**What to produce**
In the entries below, find the line with "Apartament 2 camere, decomandat, 1" and the line with "1:18 origineel schaalmodel, Volkswagen"; copy them and every line between them exactly, but not the pictures.

**Records provided**
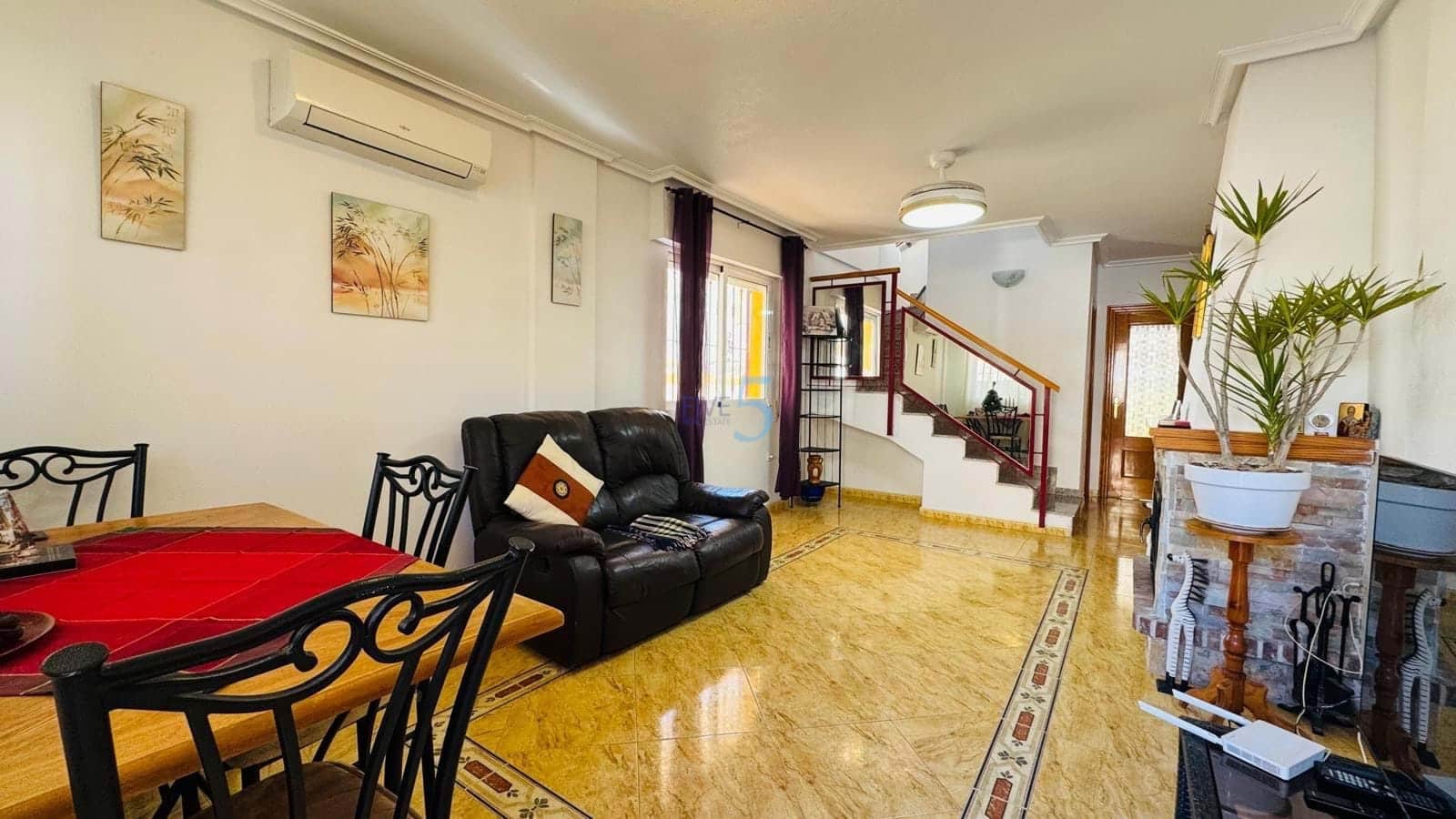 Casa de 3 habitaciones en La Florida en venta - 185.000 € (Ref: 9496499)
---
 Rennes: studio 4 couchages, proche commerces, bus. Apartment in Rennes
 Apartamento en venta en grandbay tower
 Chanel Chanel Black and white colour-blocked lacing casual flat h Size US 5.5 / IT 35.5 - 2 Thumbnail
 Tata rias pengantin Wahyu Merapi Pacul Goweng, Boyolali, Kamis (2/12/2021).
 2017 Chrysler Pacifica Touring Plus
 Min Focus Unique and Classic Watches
* * *
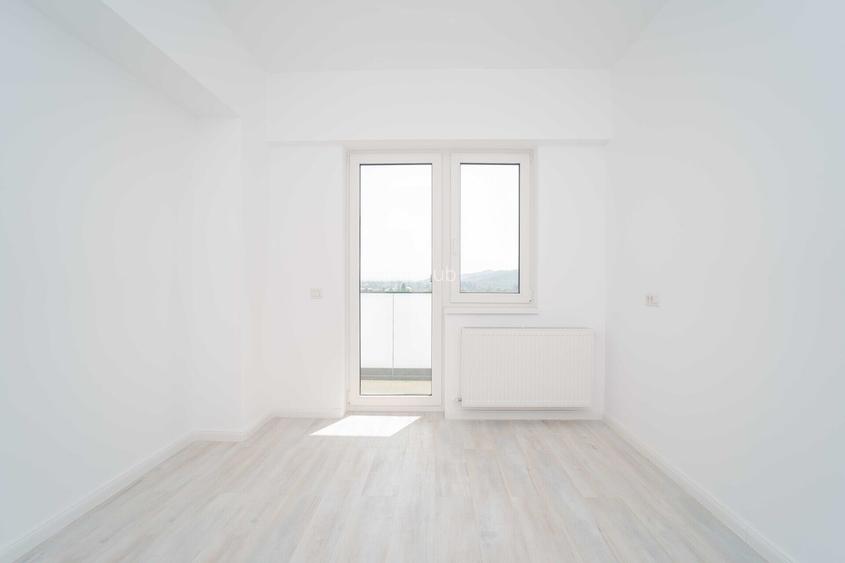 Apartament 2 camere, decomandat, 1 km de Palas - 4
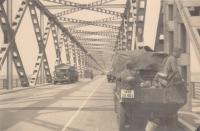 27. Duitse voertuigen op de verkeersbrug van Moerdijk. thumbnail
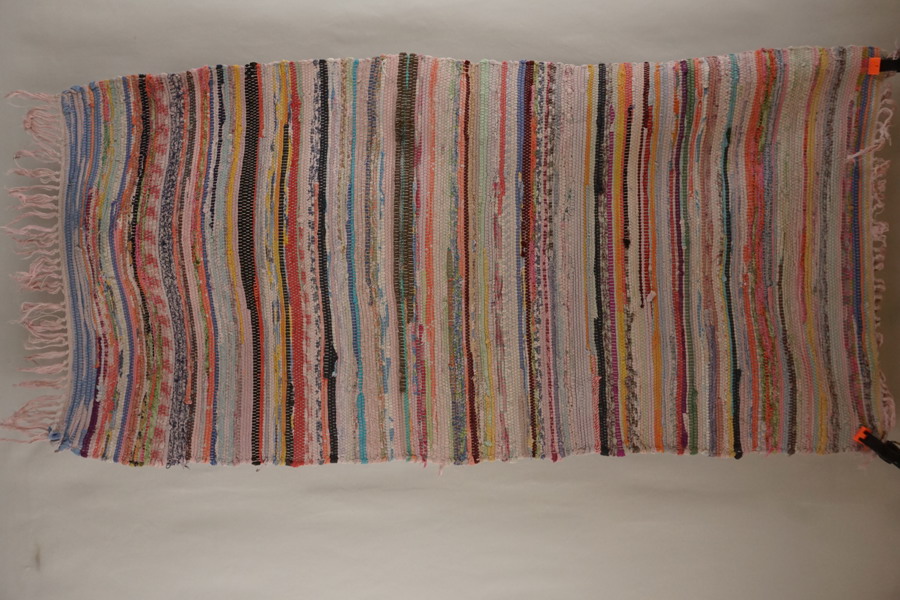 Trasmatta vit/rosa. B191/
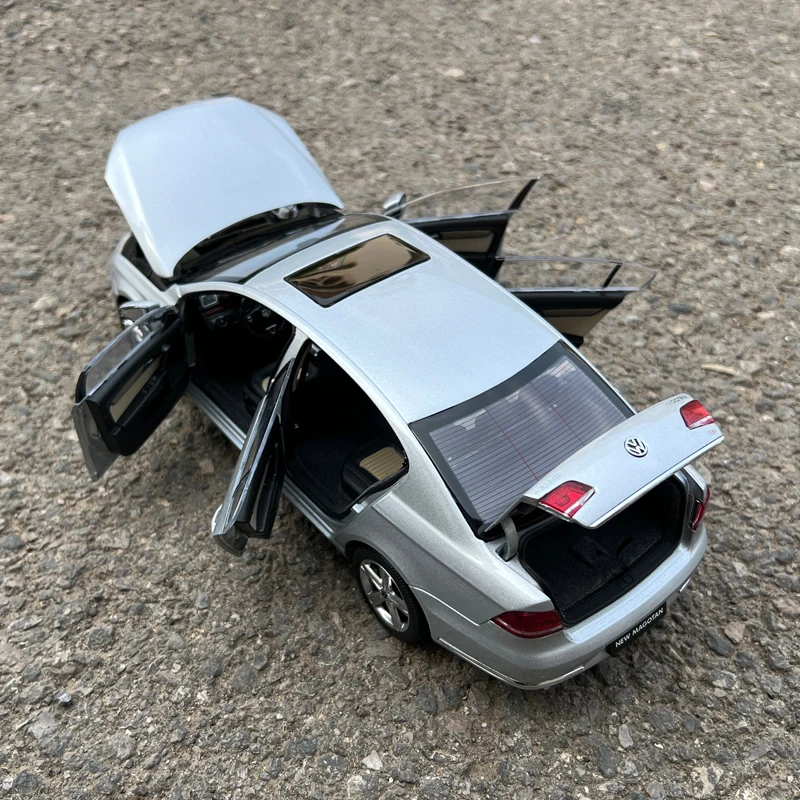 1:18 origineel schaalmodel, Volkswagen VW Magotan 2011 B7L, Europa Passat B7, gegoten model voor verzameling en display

**Answer area**
 Apartament 2 camere, decomandat, 1 km de Palas - 4
 27. Duitse voertuigen op de verkeersbrug van Moerdijk. thumbnail
 Trasmatta vit/rosa. B191/
 1:18 origineel schaalmodel, Volkswagen VW Magotan 2011 B7L, Europa Passat B7, gegoten model voor verzameling en display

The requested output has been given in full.